## Problem details:
Before printing, remove every picture; then print the lines below exactly, from the first line through the line containing "Land Rover Land".

## Material provided:
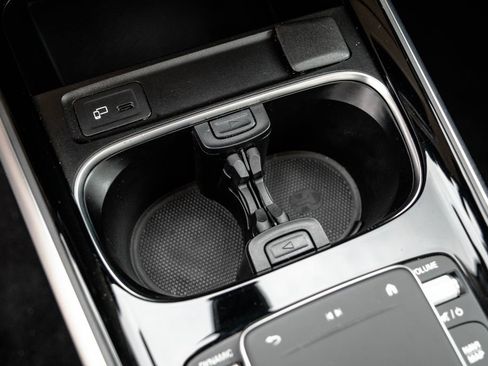 Used 2023 Mercedes-Benz GLB 250 4MATIC image 28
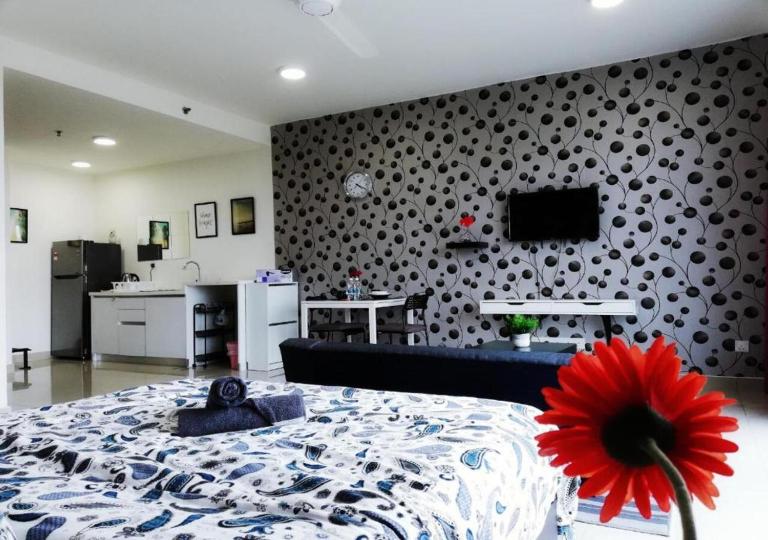 Peanut Butter Homestay #Trefoil Setia City - B&B Setia Alam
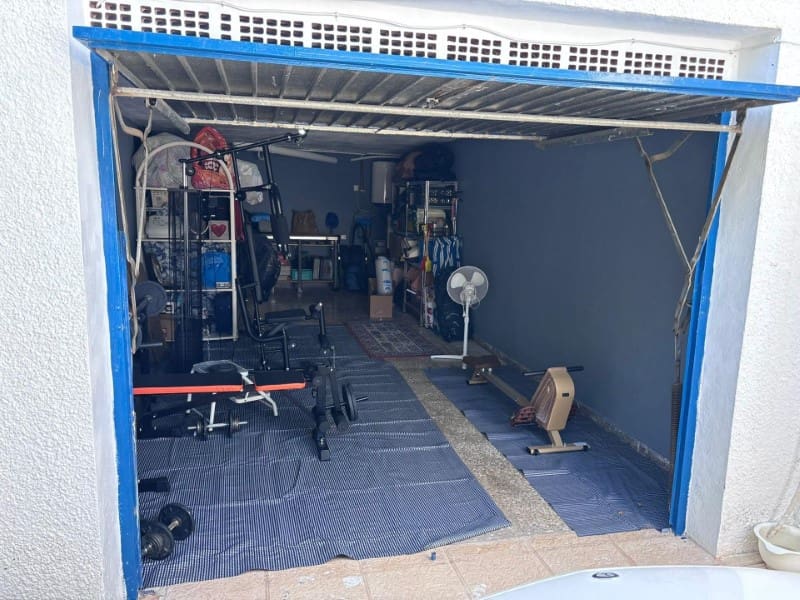 2 chambre Villa/Maison à vendre à Torrevieja avec garage - 420 000 € (Ref: 9846164)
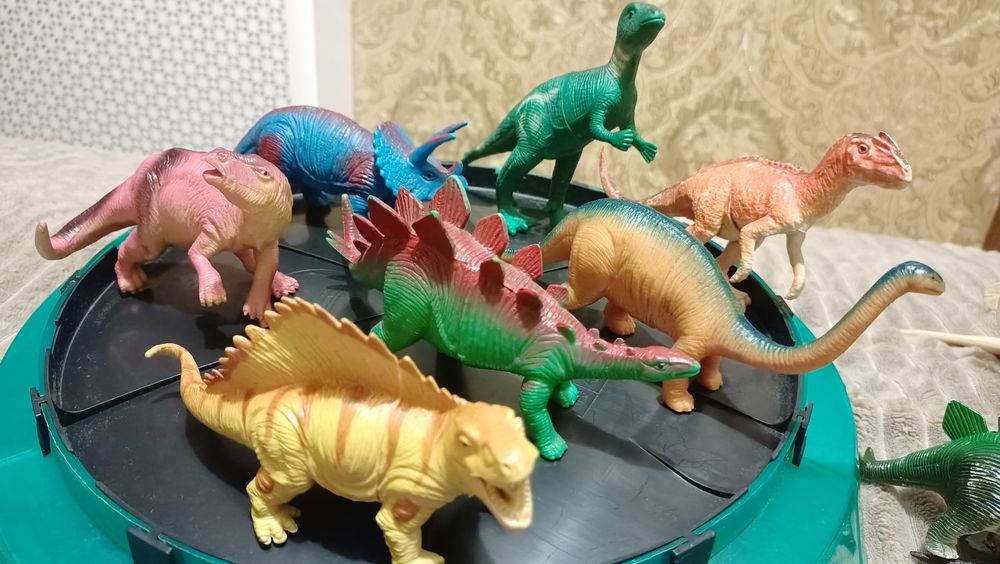 Динозаври різних розмірів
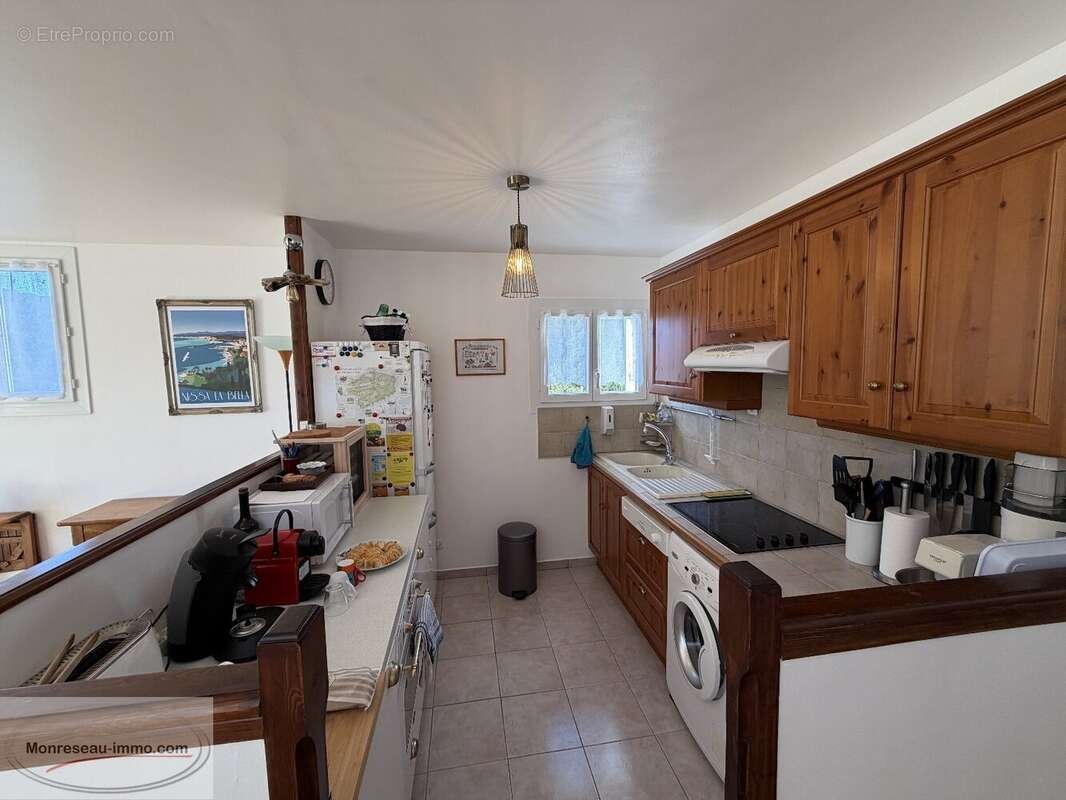 Appartement à GREOLIERES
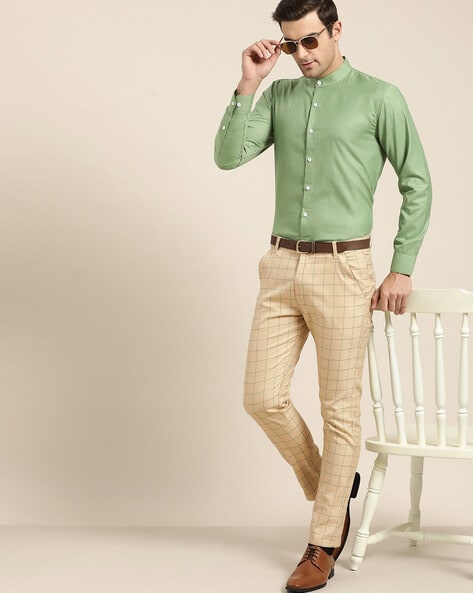 21 Beige Pants Outfits What to Wear with Beige Pants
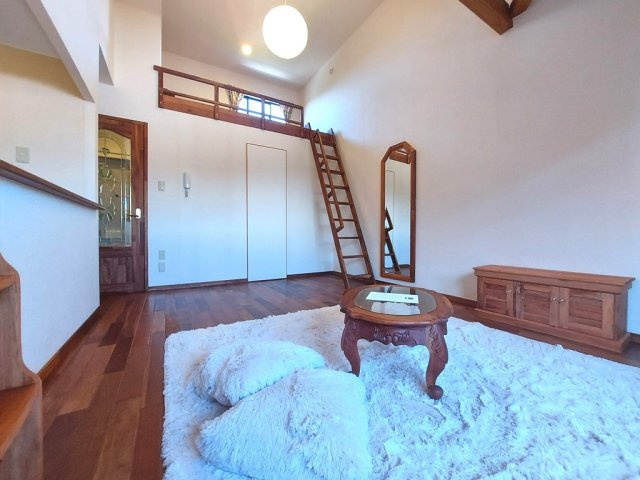 セザンヌ新栄 3の居間・リビング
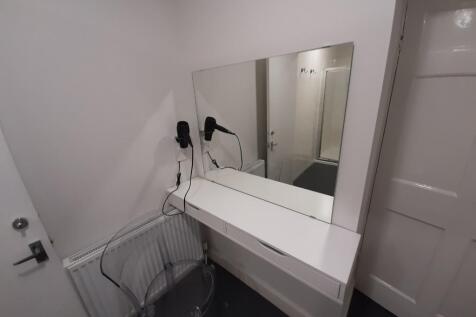 Office to rent Image 12
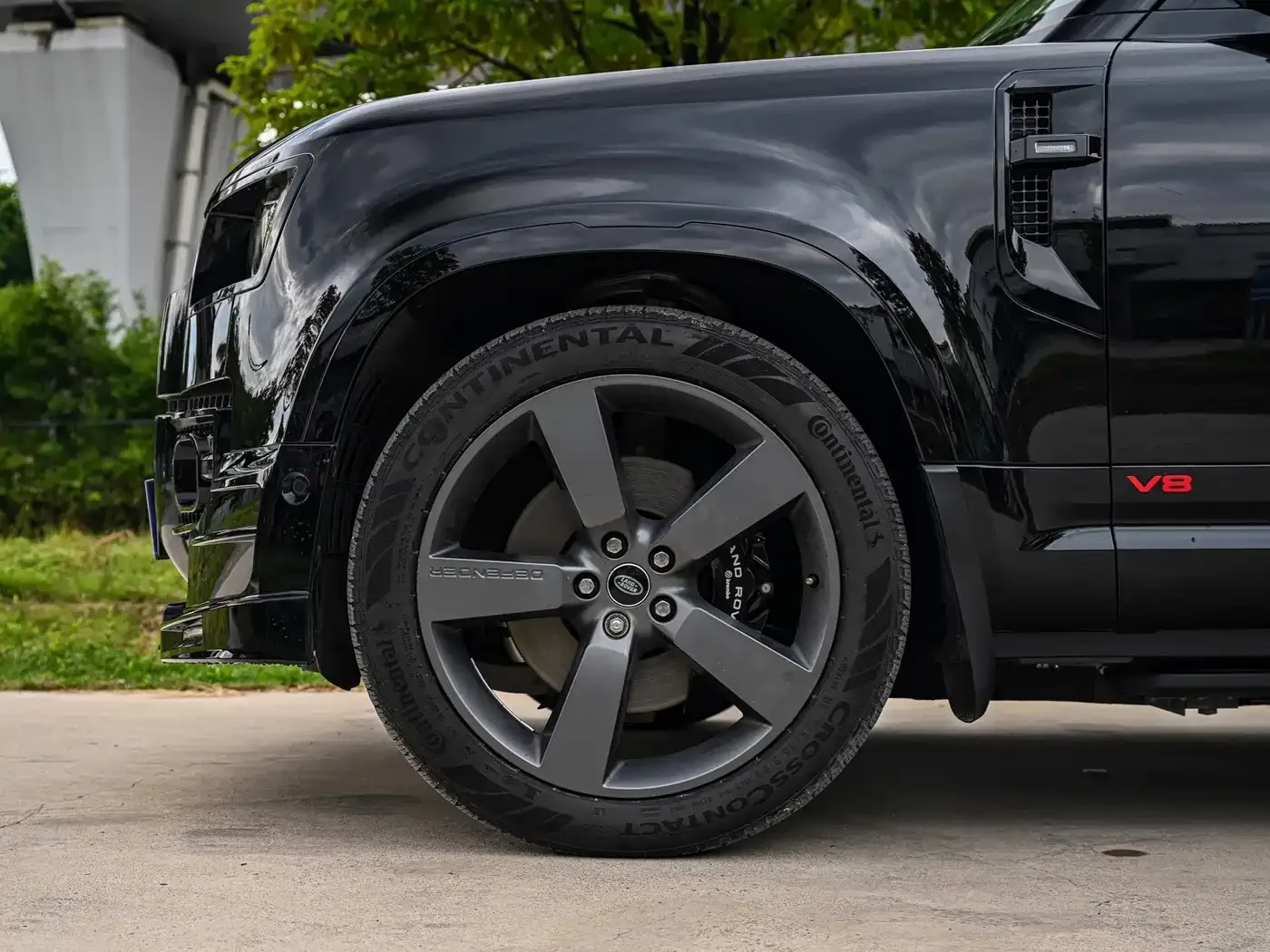 Land Rover Land Rover Defender 2023 Model 110 5.0T V8 — Фото автомобиля 26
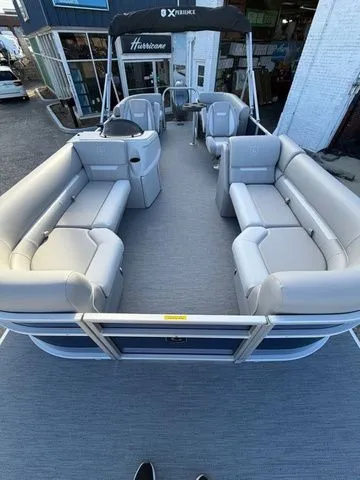 Slide: The Image of Godfrey Sweetwater 2286 SBX - 150 HP Yamaha 2026 - 5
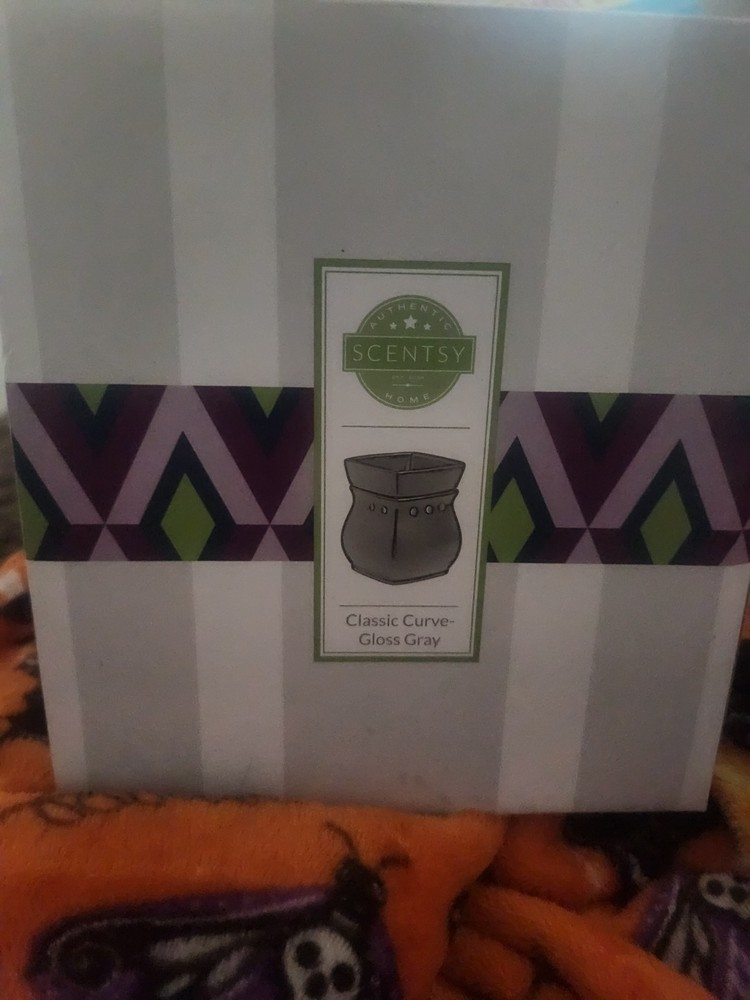 Scentsy Classic Curve Full Size Warmer Gloss Gray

## Solution to the exercise:
 Used 2023 Mercedes-Benz GLB 250 4MATIC image 28
 Peanut Butter Homestay #Trefoil Setia City - B&B Setia Alam
 2 chambre Villa/Maison à vendre à Torrevieja avec garage - 420 000 € (Ref: 9846164)
 Динозаври різних розмірів
 Appartement à GREOLIERES
 21 Beige Pants Outfits What to Wear with Beige Pants
 セザンヌ新栄 3の居間・リビング
 Office to rent Image 12
 Land Rover Land Rover Defender 2023 Model 110 5.0T V8 — Фото автомобиля 26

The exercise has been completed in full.